Segment Start: Records shown

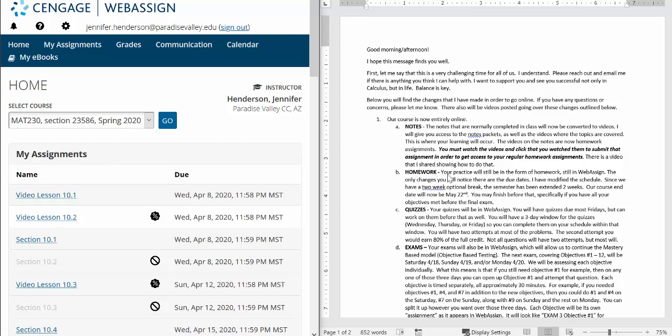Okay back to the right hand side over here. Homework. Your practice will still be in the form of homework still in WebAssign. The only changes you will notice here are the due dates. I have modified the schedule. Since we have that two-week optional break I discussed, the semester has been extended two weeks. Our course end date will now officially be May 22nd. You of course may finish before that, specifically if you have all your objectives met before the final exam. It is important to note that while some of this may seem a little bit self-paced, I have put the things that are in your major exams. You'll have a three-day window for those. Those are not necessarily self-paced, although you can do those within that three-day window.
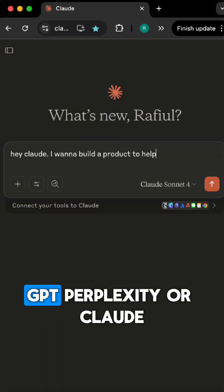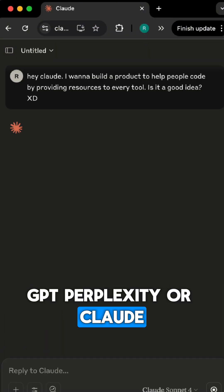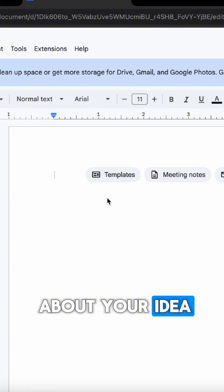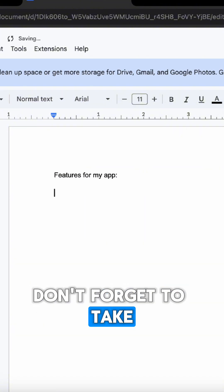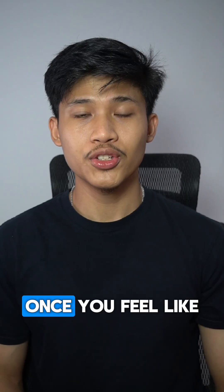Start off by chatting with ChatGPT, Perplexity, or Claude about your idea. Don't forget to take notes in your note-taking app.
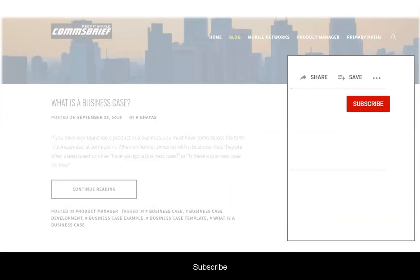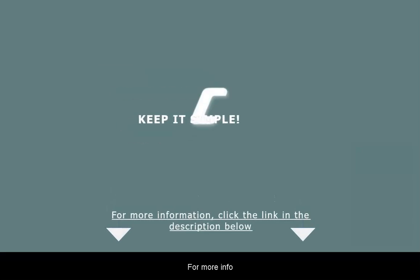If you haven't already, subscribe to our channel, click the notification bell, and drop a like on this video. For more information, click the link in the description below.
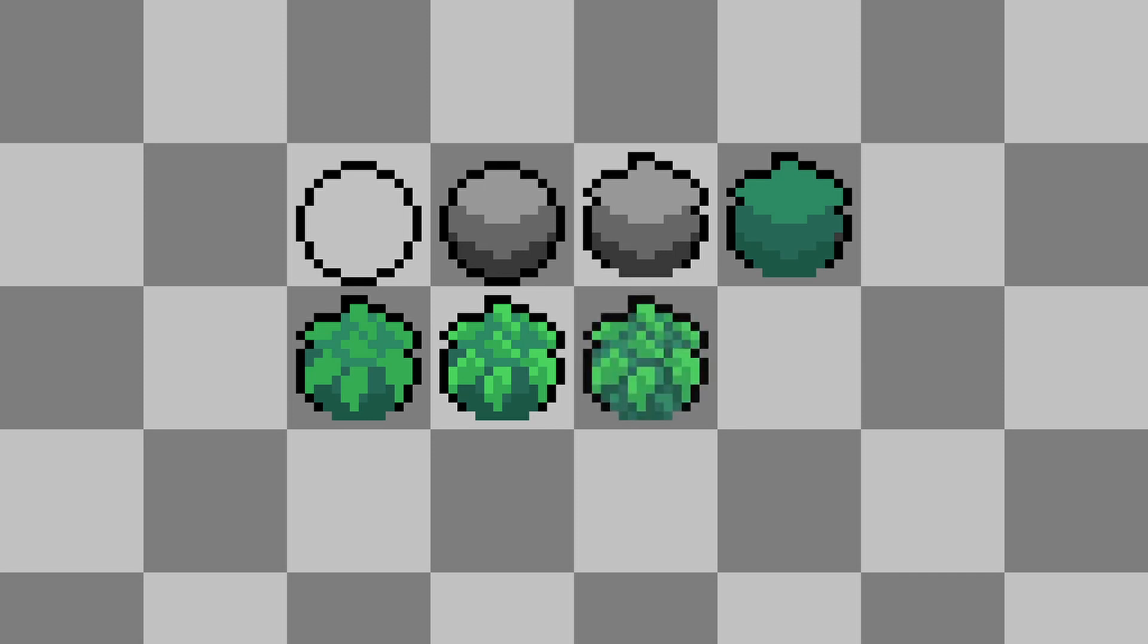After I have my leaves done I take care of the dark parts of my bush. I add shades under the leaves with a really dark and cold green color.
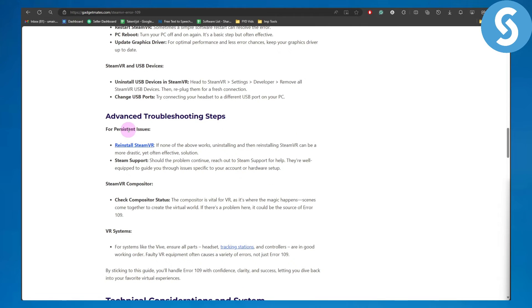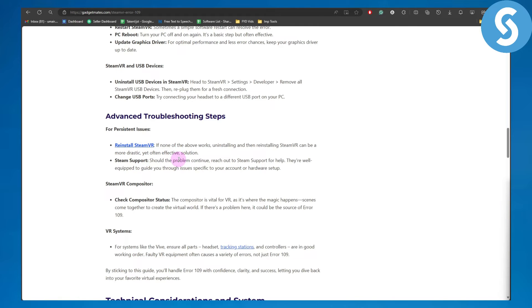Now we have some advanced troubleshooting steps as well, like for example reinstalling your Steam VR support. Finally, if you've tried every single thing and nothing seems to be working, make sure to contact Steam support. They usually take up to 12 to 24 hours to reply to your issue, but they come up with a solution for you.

Segment End: Records shown
Segment Start: Records shown

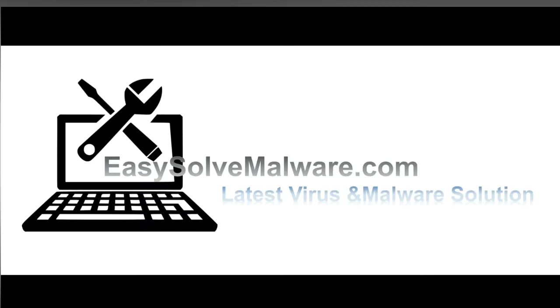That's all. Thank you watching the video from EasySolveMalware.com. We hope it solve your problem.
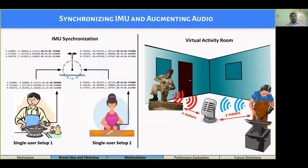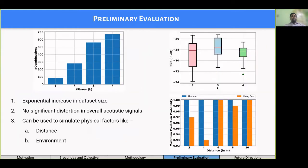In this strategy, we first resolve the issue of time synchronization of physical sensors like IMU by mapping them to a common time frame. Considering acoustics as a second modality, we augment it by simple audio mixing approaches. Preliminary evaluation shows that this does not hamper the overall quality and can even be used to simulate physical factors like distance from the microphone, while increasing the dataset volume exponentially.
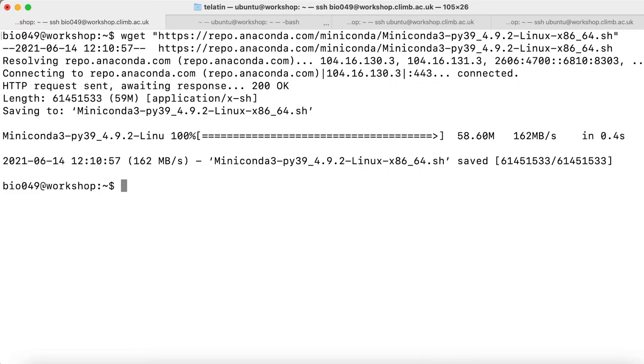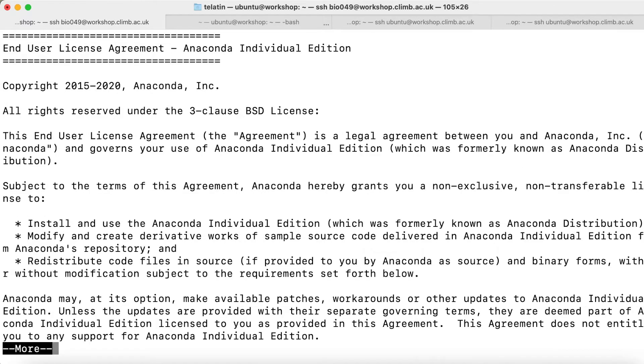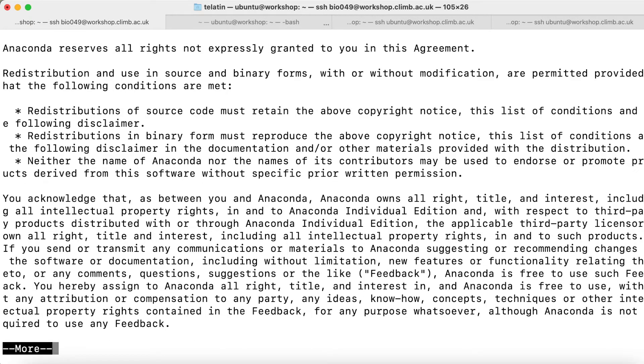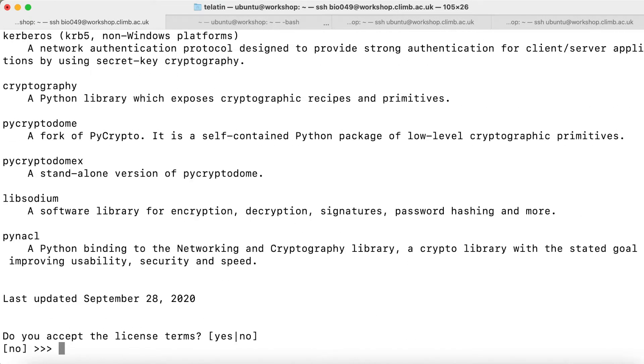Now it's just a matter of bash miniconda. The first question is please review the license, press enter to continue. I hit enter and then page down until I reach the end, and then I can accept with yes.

Segment End: Records shown

* _Problem to solve_: Copy out exactly the material that runs from the line with "That's all. Thank" to the line with "Now it's just", ends included, and leave the pictures behind.

* _Answer to this task_:
That's all. Thank you watching the video from EasySolveMalware.com. We hope it solve your problem.
In this strategy, we first resolve the issue of time synchronization of physical sensors like IMU by mapping them to a common time frame. Considering acoustics as a second modality, we augment it by simple audio mixing approaches. Preliminary evaluation shows that this does not hamper the overall quality and can even be used to simulate physical factors like distance from the microphone, while increasing the dataset volume exponentially.
Now it's just a matter of bash miniconda. The first question is please review the license, press enter to continue. I hit enter and then page down until I reach the end, and then I can accept with yes.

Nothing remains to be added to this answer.